*What you will do:* After finding the line that holds "Protea Im Botanischen Garten" below, set down that line and the rest through the final one exactly, leaving the pictures out.

*Dataset excerpts:*
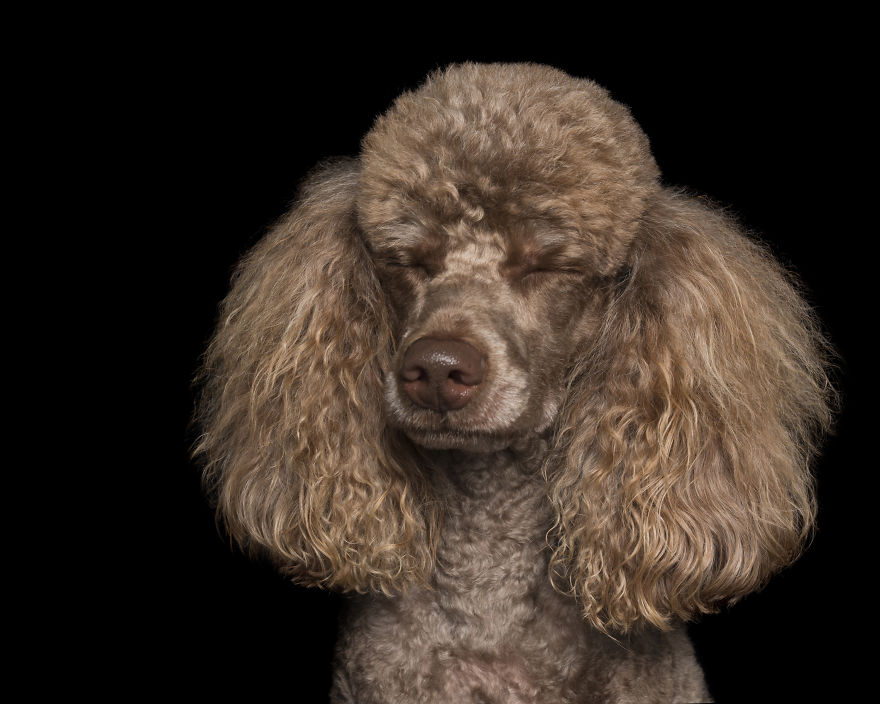 Zen Dogs: Photographer Captures The ‘Relaxed’ State Of Man's Best Friend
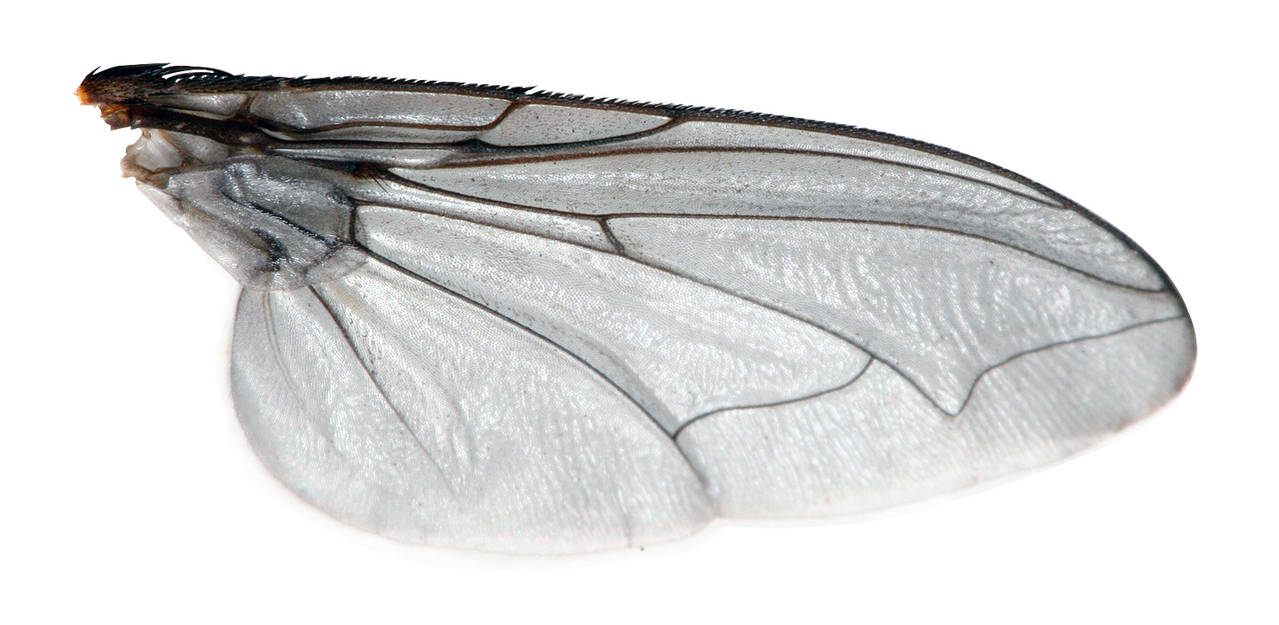 Fly Wing by evilneil on DeviantArt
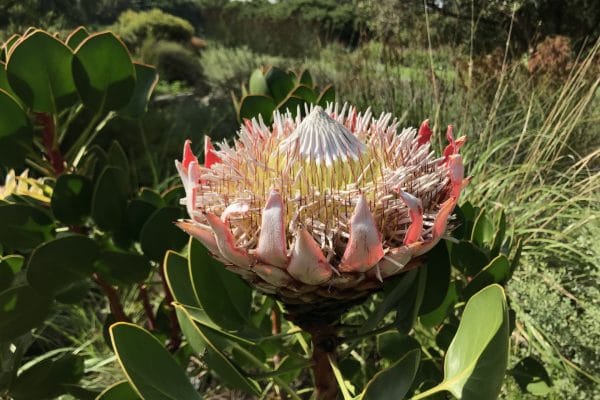 Protea Im Botanischen Garten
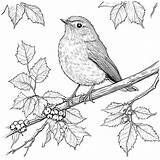 Robin On A Tree Branch coloring page Lulu Pages sketch template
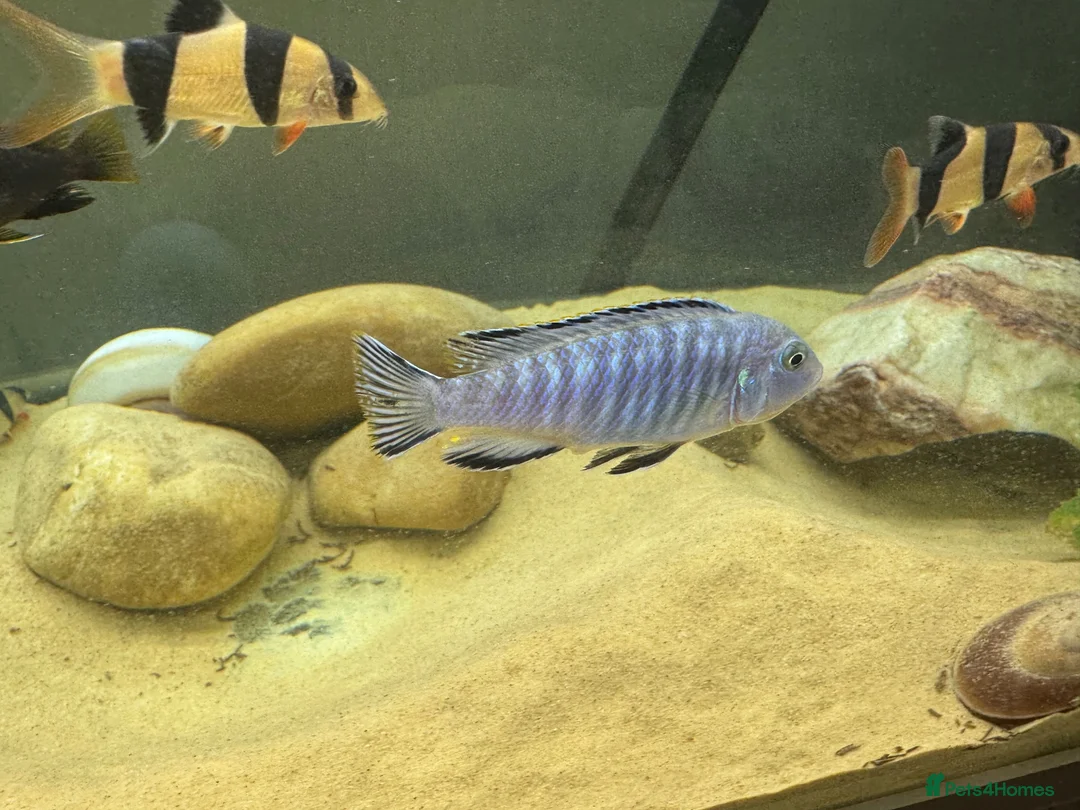 Cichlids fish for sale: Powder blue cichlids - Advert 2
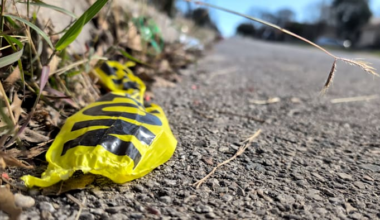 Boy, 9, shot on front porch of East Side home, SAPD says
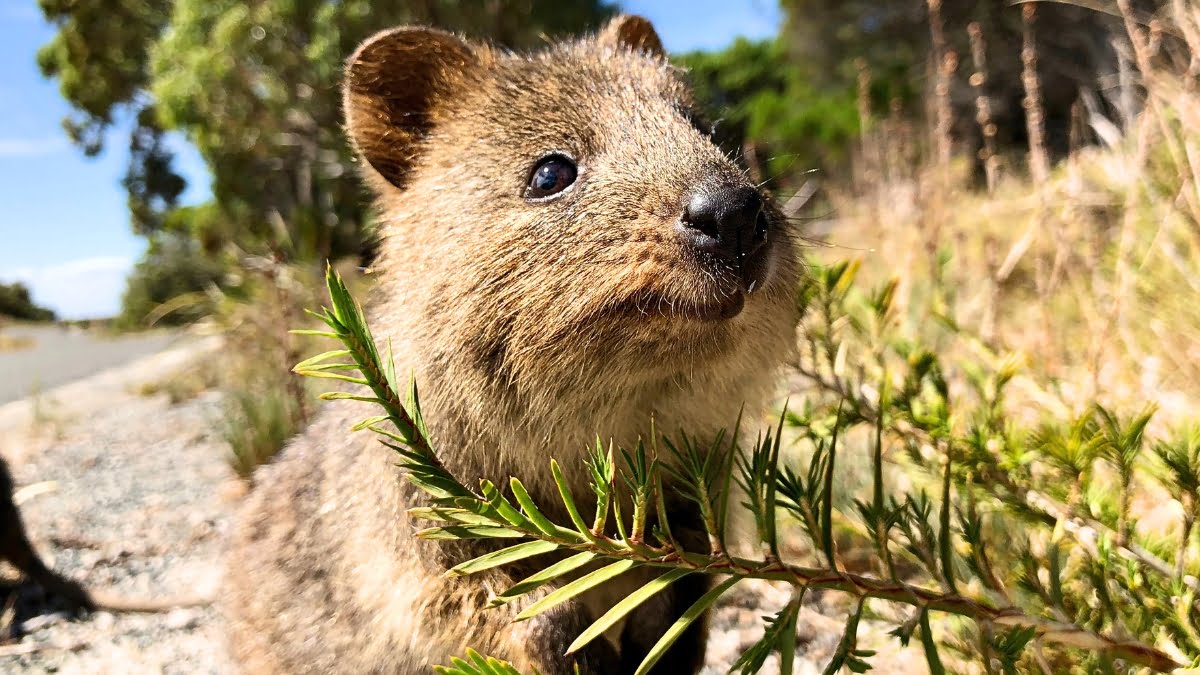 Quokka animals come from Australia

*Solution:*
 Protea Im Botanischen Garten
 Robin On A Tree Branch coloring page Lulu Pages sketch template
 Cichlids fish for sale: Powder blue cichlids - Advert 2
 Boy, 9, shot on front porch of East Side home, SAPD says
 Quokka animals come from Australia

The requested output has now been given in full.